Teacher John Pendry takes stock of what his students have learned.
"They're right on in reading, but some of their math scores are significantly lower than they should be," Pendry said. "I've been concerned about math since day one."
Ultimately, teachers like Pendry are concerned about one question: Are the students learning what they need to know this year?
For Pendry, the answer is yes and no.
Clark County teachers follow a detailed guidebook that outlines what material children are supposed to learn -- and when. The guidebook, called the "Curriculum Essentials Framework," is a road map for teaching.
For instance, the framework says that Pendry's fourth graders should be learning the following material.
In math:
* Rounding numbers to the nearest 10, 100, 1,000, 10,000.
* Reading and writing symbols and words for proper and improper fractions and mixed numbers.
* Dividing a two- or three-digit number by a one-digit number, with or without remainder.
In reading:
* Responding to reading selections, summarize a passage.
* Building vocabulary; using synonyms and antonyms; conjunctions.
* Writing a well-organized paragraph; writing to tell a story.
Pendry has been covering the material this school year. But in a class of 30 students, some keep up and some don't. For instance, Pendry's brightest students, among them Ramon, Molly and Hannah, can easily summarize reading passages and add and subtract fractions with the same denominators.
For Pendry's slower pupils, that work is much harder. They lag behind.
Pendry has watched in frustration as Armand, who has been in and out of schools in Las Vegas, has struggled with the simplest of single-digit division problems. Nick has found himself baffled over fairly simple vocabulary words.
Fourth grade teachers like Pendry struggle with issues like teaching long division to students who left third grade without learning basic multiplication tables, or how to sound out words.
"Therein lies the challenge," Pendry said.
Pendry has never held a student back during his eight years of teaching. He does not expect to hold any students back this year, although Armand and a few others probably will not master fourth grade material by the end of the year.
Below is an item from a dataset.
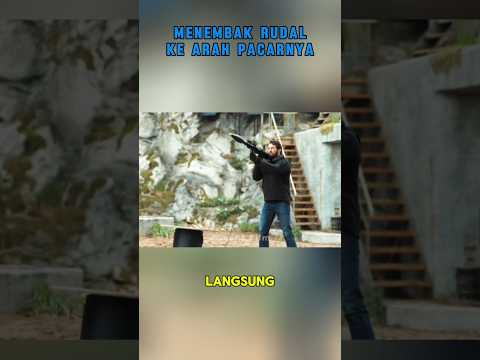 Bersama pacar lawan monster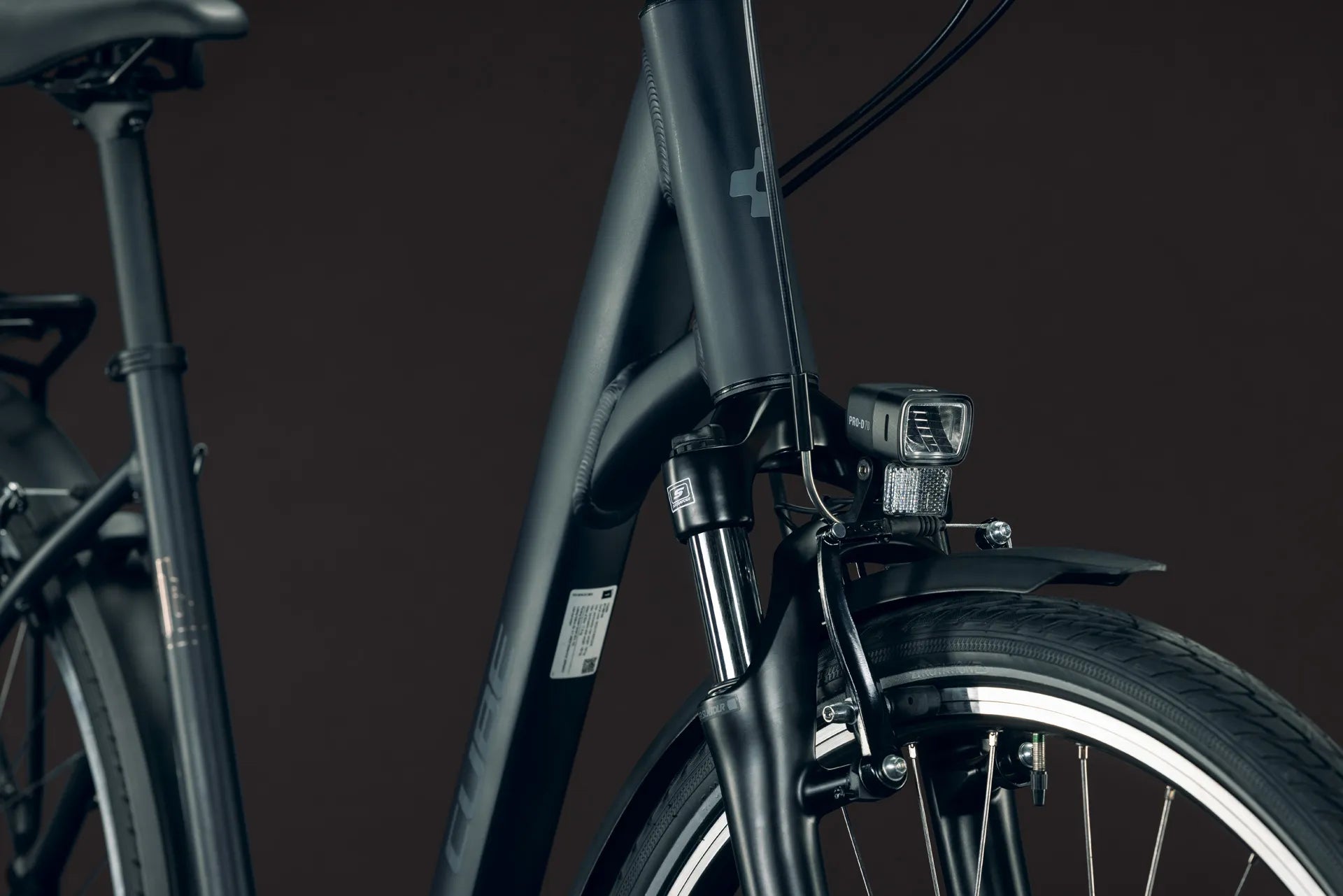 Nahaufnahme eines Cube TOWN ONE
2027 mit Vorderlicht und Schutzblech, Fahrradständer und Gepcäkträger. Ideal für Alltagsfahrten.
"To hold a student back he would have to be struggling in all areas and not be learning disabled or qualify for (special education)," Pendry said. "You have to weigh a lot of factors -- social, emotional, academic."
In Clark County, 1,864 of 189,231 students in the 1997-98 school year were required to repeat their grade (slightly less than 1 percent). That's lower than an estimated 5 to 7 percent of students who are held back nationwide.
"Our position is that in some cases we do retain students and that is a cooperative decision made by the parent, the teacher and the administrator," Superintendent Brian Cram said. But Cram said that in most cases, "It's not a very effective thing to do."
The controversial issue of social promotion -- allowing failing students to go on to the next grade -- has become a hot-button issue nationwide.
Prominent leaders including President Clinton and presidential hopeful Gov. George W. Bush of Texas have attacked social promotion.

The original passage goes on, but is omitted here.